Toro advirtió que el encarecimiento del producto legal abriría la puerta al contrabando y a la circulación de licor adulterado, reduciendo de forma drástica el recaudo para los departamentos. “Si se aumenta el doble del precio, vamos a tener mayor contrabando y una disminución de las rentas cedidas, poniendo en riesgo derechos fundamentales”, señaló la gobernadora.
La preocupación es compartida por la Industria de Licores del Valle, que estima que el incremento por botella rondaría los $30.000, lo que calificó como un escenario crítico tanto para las finanzas públicas como para la sostenibilidad de las licoreras oficiales.
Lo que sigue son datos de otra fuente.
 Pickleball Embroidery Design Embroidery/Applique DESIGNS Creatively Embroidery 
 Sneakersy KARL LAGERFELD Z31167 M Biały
Desde el sector licorero a nivel nacional se anunció respaldo total a la gestión de los gobernadores, encabezados por Dilian Francisca Toro, al considerar que el decreto representa una amenaza directa a la estabilidad económica regional.
La gobernadora reiteró su llamado al Gobierno Nacional para revisar la medida y abrir un espacio de diálogo que permita proteger los ingresos de los departamentos sin incentivar la ilegalidad ni afectar programas sociales esenciales.